Activity ->
Copy out the line bearing "REMS rezervni nož" and all the lines after it, to the very end of the material below, exactly as written.

Given data ->

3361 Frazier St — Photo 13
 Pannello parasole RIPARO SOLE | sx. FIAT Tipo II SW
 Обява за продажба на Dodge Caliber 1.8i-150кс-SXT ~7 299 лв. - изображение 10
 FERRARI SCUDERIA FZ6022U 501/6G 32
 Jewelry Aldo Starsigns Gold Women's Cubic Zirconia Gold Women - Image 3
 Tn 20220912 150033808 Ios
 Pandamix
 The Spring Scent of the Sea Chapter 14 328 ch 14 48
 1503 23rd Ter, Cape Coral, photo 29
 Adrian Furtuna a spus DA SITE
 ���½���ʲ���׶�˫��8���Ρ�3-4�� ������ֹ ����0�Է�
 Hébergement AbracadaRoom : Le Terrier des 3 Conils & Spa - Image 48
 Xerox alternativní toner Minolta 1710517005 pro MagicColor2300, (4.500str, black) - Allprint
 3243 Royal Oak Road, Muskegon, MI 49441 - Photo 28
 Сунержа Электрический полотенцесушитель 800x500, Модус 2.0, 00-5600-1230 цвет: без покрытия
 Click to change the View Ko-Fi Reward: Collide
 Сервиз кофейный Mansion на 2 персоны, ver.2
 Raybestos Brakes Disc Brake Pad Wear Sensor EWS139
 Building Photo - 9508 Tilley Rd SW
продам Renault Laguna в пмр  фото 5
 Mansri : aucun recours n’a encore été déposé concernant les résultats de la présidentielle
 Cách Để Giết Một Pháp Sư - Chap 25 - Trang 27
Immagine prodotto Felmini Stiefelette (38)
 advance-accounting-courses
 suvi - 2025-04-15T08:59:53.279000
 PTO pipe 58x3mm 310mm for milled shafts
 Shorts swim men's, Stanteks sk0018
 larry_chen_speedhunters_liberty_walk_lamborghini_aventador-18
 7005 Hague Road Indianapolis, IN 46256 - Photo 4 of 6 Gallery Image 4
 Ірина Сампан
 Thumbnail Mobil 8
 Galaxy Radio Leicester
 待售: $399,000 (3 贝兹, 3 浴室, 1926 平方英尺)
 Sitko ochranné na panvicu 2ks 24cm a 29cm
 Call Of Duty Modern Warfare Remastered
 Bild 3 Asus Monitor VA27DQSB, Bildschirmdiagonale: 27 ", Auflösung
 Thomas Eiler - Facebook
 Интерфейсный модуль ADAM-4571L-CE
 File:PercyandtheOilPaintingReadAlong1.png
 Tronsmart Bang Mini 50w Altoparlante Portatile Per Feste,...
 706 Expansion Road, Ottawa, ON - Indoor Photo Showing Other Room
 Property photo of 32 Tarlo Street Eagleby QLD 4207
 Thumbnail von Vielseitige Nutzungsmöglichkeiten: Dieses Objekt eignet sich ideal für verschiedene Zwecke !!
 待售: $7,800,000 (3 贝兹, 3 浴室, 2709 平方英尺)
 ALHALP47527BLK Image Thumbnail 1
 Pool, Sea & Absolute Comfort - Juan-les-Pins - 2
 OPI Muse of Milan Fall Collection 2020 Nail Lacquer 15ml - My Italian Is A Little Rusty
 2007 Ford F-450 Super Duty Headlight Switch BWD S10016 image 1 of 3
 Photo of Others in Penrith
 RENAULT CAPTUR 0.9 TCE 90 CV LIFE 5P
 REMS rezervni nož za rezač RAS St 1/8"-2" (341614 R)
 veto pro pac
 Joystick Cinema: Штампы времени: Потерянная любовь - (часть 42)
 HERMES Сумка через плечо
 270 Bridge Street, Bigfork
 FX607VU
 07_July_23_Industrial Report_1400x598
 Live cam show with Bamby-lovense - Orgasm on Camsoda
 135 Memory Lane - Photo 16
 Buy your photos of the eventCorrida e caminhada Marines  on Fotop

Answer box ->
 REMS rezervni nož za rezač RAS St 1/8"-2" (341614 R)
 veto pro pac
 Joystick Cinema: Штампы времени: Потерянная любовь - (часть 42)
 HERMES Сумка через плечо
 270 Bridge Street, Bigfork
 FX607VU
 07_July_23_Industrial Report_1400x598
 Live cam show with Bamby-lovense - Orgasm on Camsoda
 135 Memory Lane - Photo 16
 Buy your photos of the eventCorrida e caminhada Marines  on Fotop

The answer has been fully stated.